This is Carole Lombard's Paramount portrait p1202-69, from late 1930. It was early in Carole's somewhat successful seven years at the Melrose Avenue studio, but there's long been conjecture she wouldn't have landed at Paramount had she not been dismissed from Pathe in the fall of 1929, after she had made three talking features there.
Why was she let go? No official report was given at the time, but many suspect it was due to a starlet Pathe had just signed who didn't want any competition from blonde ingenues. Her name: Constance Bennett.
Tomorrow, Oct. 22, marks the 116th anniversary of Bennett's birth. For a while in the early 1930s, she was on the top rung of Hollywood stars -- and paid at that scale. She fell out of favor a bit in the second half of the decade, but had enough star power to team with Hal Roach when he decided to leave the business of two-reelers.

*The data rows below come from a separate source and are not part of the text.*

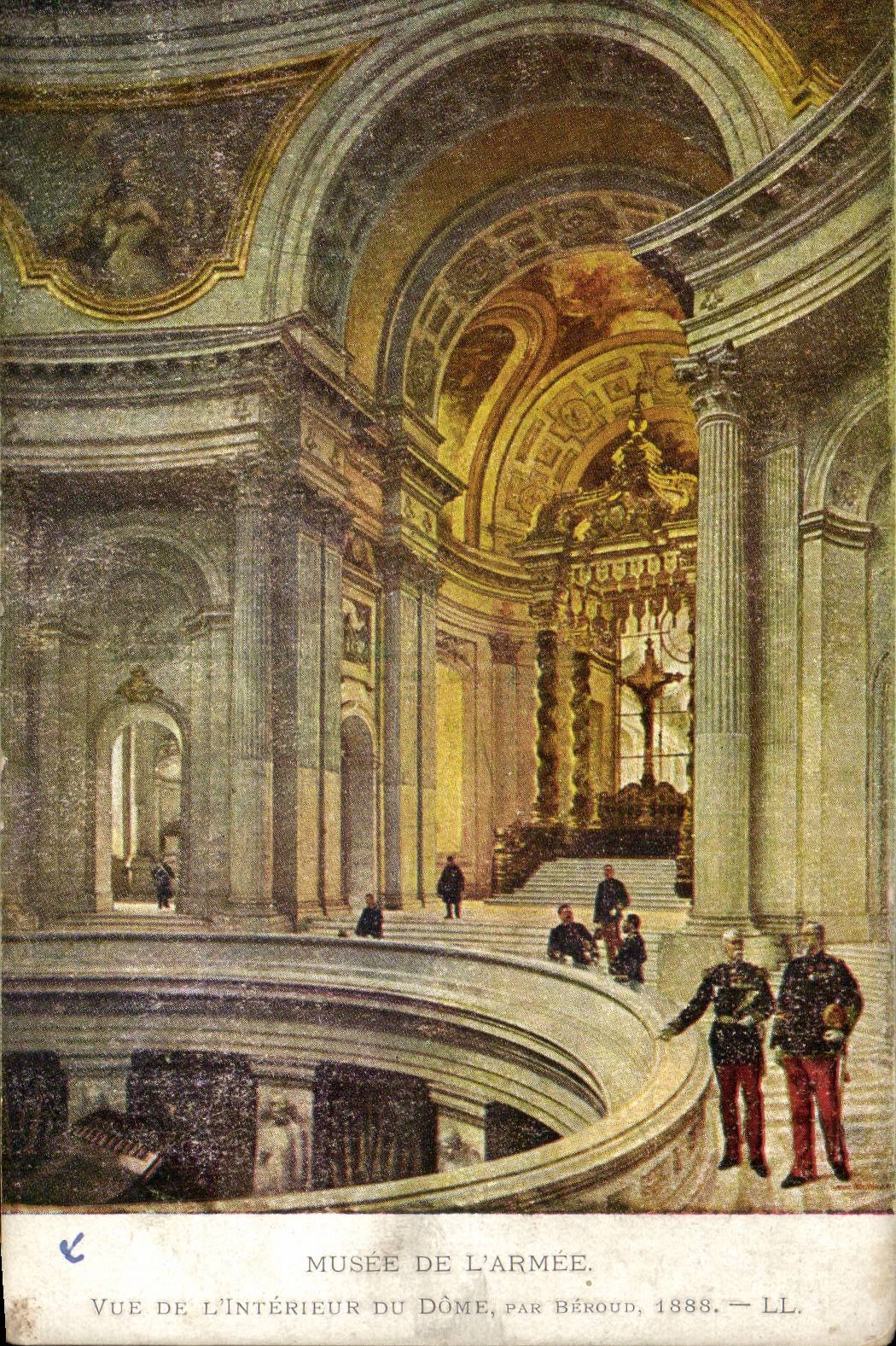 CPA Paris Musee de l'armee Vu de l'interieur du Dome par Beroud 1888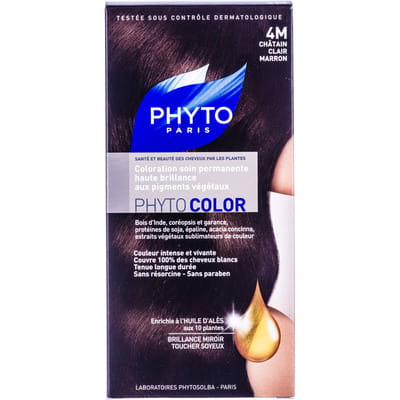 Крем-краска для волос PHYTO (Фито) Фитоколор тон 4 М русо-каштановый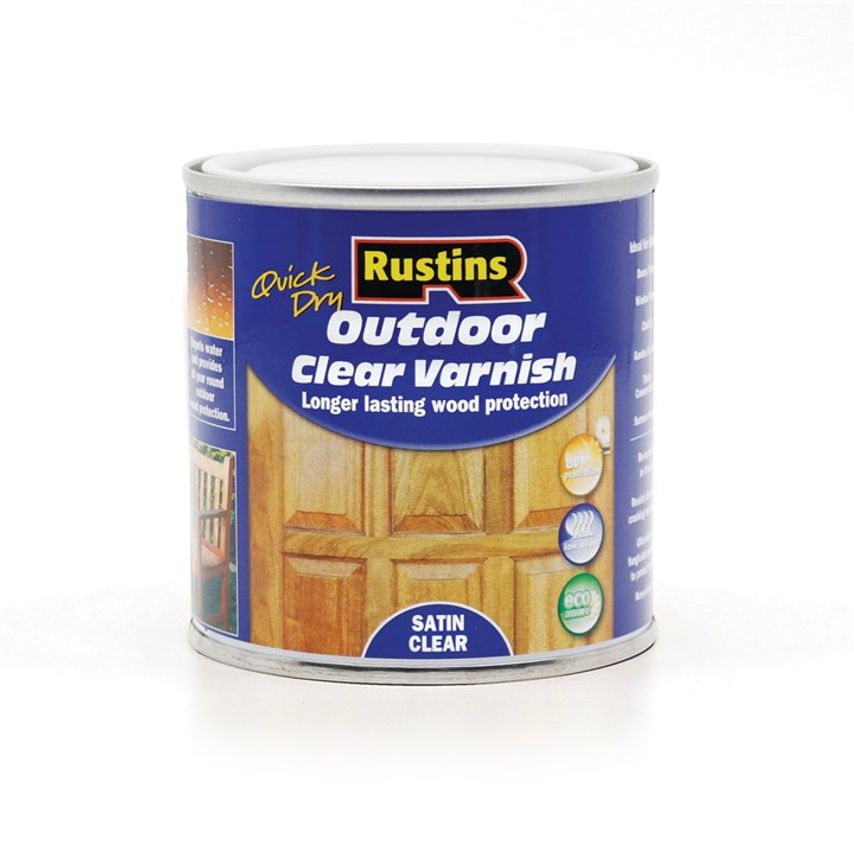 Outdoor Clear Varnish Satin 250ml (EAVS250)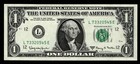 1963a  1 One Dollar Bill Federal Reserve Note San Francisco Uncirculated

Turner Classic Movies will honor Connie with nine of her movies during the day. She's a solid actress with ethereal beauty, though she wasn't the easiest person to get along with (something Bennett herself would've admitted). If you're unfamiliar with her work, check out these films. The first six are from the pre-Code era, when she was at her commercial peak, followed by a pair of "Topper" ghost comedies, and concludes with a comedy in the style of "My Man Godfrey." (Universal wanted Connie as the female lead in "Godfrey," but William Powell was aware of her flighty ways and successfully pushed for ex-wife and close friend Lombard. You know the rest.)
The schedule (all times Eastern):
* 6 a.m. -- "Three Faces East" (1930)
* 7:30 a.m. -- "Born To Love" (1931)
* 9:30 a.m. -- "The Common Law" (1931)
* 10:30 a.m. -- "Rock-A-Bye" (1932)
* 11:45 a.m. -- "Bed Of Roses" (1933)
* 1 p.m. -- "Our Betters" (1933)
* 2:30 p.m. -- "Topper" (1937)
* 4:15 p.m. -- "Topper Takes A Trip" (1939)
* 5:45 p.m. -- "Merrily We Live" (1938)
"The Common Law" features Bennett at her sexiest. "Bed Of Roses" is plenty of fun, although Pert Kelton steals the film as Connie's wisecracking partner in prostitution in New Orleans.
"Topper" was one of the films that put Cary Grant on the map in 1937, although Bennett plays a major part in the movie's success by making Marion Kerby an incredibly sexy ghost. She made the sequel "Topper Takes A Trip" without Grant, but with a canine partner in "ghost dog" Mr. Atlas, played by Skippy, aka Asta. Both films were aided by Roy Seawright's terrific special effects. They're shown in the Nov. 27, 1938 Los Angeles Times.
"Merrily We Live" was somewhat different from "Godfrey," and has its share of defenders.
It's a nine-pack of Constance, well worth watching...especially since no World Series game is on that day.